Figure 3. The given switching signal in Example 1.

Figure 4. The system state response in Example 1.

Example 2. We consider the two modes of system (23) with the IUs. The bounds of the subsystem matrices are given as

$${\underline{A}}_1=\left[\begin{array}{cc}1.040& 0.018\\ 0.028& 0.645\end{array}\right],{\overline{A}}_1=\left[\begin{array}{cc}1.060& 0.022\\ 0.032& 0.655\end{array}\right],$$

and

$${\underline{A}}_2=\left[\begin{array}{cc}0.356& 0.040\\ 0.518& 1.008\end{array}\right],{\overline{A}}_2=\left[\begin{array}{cc}0.364& 0.060\\ 0.522& 1.012\end{array}\right].$$

It is easy to see that ${\underline{A}}_1⪰0$ and ${\underline{A}}_2⪰0$. Hence, this system is positive by using the assumption and Lemma 1. We assign the initial state $x\left(0\right)={\left[105\right]}^T$ and the matrices

$$A_1=\frac{{\underline{A}}_1+{\overline{A}}_1}{2}=\left[\begin{array}{cc}1.05& 0.02\\ 0.03& 0.65\end{array}\right],A_2=\frac{{\underline{A}}_2+{\overline{A}}_2}{2}=\left[\begin{array}{cc}0.36& 0.05\\ 0.52& 1.01\end{array}\right].$$

We observe that the eigenvalues of $A_1$ are ${\lambda }_1=1.0515$ and ${\lambda }_2=0.6485$ and the eigenvalues of $A_2$ are ${\lambda }_1=0.3222$ and ${\lambda }_2=1.0478$. Thus, two modes are positive and unstable which can be seen from Figure 5 and Figure 6.

Figure 5. The state trajectories of the first subsystem in Example 2.

Figure 6. The state trajectories of the second subsystem in Example 2.

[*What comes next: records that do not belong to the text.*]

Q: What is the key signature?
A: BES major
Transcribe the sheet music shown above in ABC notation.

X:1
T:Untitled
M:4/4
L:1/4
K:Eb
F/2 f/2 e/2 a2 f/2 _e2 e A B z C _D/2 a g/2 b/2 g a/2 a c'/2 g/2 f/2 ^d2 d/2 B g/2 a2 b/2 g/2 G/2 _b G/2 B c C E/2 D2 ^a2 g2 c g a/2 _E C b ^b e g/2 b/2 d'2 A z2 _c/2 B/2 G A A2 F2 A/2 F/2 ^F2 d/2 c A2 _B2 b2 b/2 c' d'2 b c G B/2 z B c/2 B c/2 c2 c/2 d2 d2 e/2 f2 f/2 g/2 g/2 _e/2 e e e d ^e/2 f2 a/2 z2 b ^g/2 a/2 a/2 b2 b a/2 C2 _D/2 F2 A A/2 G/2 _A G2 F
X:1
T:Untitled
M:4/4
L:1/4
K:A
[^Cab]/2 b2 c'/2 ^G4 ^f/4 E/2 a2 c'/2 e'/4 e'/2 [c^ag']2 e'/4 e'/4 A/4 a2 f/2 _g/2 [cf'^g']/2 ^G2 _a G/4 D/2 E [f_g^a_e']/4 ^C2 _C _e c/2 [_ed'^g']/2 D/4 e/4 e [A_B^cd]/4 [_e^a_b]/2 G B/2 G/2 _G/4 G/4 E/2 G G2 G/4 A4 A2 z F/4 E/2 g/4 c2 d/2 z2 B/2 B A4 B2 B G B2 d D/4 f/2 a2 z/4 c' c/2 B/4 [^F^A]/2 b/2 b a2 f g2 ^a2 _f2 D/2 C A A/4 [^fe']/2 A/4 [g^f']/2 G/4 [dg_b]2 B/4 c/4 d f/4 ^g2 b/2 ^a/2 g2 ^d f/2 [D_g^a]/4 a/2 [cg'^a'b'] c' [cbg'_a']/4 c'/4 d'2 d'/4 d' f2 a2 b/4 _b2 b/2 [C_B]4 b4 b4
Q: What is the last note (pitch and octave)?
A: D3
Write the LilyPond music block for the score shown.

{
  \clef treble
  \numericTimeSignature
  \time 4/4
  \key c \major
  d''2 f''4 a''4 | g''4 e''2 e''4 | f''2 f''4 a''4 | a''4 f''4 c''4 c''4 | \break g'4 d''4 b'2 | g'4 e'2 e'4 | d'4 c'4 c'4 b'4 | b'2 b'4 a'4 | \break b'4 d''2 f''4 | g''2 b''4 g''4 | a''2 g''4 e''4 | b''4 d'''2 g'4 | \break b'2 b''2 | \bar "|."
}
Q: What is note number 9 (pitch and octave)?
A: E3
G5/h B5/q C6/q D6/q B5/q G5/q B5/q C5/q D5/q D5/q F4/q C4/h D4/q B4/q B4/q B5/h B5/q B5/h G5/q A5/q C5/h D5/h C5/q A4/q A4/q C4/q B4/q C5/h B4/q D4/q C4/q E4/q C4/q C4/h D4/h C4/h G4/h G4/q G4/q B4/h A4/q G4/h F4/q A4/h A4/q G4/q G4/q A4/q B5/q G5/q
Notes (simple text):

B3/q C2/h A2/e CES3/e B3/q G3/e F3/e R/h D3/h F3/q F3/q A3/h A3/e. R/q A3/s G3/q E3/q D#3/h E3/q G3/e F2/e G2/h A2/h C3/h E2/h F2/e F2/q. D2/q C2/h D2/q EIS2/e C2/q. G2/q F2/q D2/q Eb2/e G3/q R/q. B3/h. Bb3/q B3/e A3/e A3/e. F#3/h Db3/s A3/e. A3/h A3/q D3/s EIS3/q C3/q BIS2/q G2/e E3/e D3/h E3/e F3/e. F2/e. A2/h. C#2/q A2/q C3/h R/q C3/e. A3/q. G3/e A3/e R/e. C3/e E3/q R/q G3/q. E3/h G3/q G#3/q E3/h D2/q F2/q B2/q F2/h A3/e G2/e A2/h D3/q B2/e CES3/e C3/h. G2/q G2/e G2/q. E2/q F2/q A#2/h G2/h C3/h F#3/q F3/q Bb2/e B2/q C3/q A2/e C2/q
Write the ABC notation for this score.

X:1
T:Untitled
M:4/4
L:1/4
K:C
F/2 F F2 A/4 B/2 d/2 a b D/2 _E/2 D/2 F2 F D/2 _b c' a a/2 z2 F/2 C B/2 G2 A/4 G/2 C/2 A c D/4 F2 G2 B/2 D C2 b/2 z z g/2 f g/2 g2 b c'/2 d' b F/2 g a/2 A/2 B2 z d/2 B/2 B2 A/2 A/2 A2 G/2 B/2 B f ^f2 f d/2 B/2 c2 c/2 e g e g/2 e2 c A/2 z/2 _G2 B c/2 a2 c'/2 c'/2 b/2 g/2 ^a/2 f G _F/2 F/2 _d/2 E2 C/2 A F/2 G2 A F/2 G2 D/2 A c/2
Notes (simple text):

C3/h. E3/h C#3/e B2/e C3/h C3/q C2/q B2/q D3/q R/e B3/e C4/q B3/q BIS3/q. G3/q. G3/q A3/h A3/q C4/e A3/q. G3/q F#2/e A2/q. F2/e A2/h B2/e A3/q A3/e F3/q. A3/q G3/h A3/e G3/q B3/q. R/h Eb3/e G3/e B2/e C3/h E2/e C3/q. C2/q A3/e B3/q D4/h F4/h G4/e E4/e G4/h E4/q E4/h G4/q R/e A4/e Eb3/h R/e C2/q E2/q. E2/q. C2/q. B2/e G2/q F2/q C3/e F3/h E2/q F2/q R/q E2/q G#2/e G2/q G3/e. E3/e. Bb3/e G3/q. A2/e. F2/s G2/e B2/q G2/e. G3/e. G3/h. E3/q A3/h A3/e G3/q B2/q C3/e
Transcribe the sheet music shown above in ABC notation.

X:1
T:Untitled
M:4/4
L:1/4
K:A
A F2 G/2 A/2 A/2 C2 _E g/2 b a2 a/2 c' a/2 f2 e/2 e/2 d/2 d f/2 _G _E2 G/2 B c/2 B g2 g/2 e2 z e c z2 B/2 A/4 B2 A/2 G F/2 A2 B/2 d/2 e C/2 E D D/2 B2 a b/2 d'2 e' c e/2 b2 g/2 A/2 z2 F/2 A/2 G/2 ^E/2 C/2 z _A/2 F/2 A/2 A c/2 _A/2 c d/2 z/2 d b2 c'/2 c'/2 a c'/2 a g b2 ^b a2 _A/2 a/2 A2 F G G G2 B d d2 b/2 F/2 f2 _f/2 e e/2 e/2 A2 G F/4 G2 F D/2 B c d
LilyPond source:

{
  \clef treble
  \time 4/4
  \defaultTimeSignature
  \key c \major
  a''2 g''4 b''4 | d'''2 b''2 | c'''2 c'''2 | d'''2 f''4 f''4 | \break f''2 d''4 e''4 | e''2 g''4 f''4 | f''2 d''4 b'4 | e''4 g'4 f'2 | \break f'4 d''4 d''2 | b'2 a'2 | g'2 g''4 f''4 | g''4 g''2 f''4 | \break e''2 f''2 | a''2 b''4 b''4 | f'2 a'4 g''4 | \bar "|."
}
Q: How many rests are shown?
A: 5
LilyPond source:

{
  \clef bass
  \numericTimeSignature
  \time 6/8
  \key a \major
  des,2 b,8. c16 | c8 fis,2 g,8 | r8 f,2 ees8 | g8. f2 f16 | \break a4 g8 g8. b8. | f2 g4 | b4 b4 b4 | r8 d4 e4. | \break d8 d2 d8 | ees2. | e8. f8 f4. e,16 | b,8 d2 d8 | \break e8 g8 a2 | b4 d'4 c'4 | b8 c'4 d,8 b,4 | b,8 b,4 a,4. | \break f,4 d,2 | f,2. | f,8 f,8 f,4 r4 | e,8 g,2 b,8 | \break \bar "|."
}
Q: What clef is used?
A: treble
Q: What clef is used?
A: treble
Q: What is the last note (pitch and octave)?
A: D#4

Choose $L=1,{\mu }_1=0.55,{\gamma }_1=1.65,{\mu }_2=0.56,{\gamma }_2=1.32,{\tau }_{1,min}=1,{\tau }_{2,min}=2$, then all conditions of Corollary 1 are satisfied for the following positive vectors

$${\upsilon }_{1,0}=\left[\begin{array}{c}98.8669\\ 68.5693\end{array}\right],{\upsilon }_{1,1}=\left[\begin{array}{c}144.1831\\ 160.3028\end{array}\right],{\upsilon }_{2,0}=\left[\begin{array}{c}80.6618\\ 89.5543\end{array}\right],{\upsilon }_{2,1}=\left[\begin{array}{c}186.3108\\ 127.9683\end{array}\right],$$

and the time constants ${\tau }_{1,max}=1.1$ and ${\tau }_{2,max}=2.1$. Consequently, the considered system is GUAS under the switching signal $\sigma \left(k\right)\in {\Omega }_{[1,1.1][2,2.1]}$. Finally, the state responses of the system with respect to $\sigma \left(k\right)\in {\Omega }_{[1,1.1][2,2.1]}$ (in Figure 7) are shown in Figure 8.

Figure 7. The given switching signal in Example 2.

Figure 8. The system state response in Example 2.

5. Conclusions

The RAS problem for the discrete-time linear switched positive TVD system with IUs in the case of all subsystems being unstable has been intensively studied. By applying the TSMCPLKF method and the MDDT switching rule, new DDSC under the reasonable assumptions to guarantee the global uniform asymptotic stability of the system have been derived in the main theorem. In addition, novel DDSC of the discrete-time linear switched positive system without TVD have also been acquired in the corollary. Finally, two numerical examples have been displayed to validate the effectiveness along with some advantages of obtained theoretical results.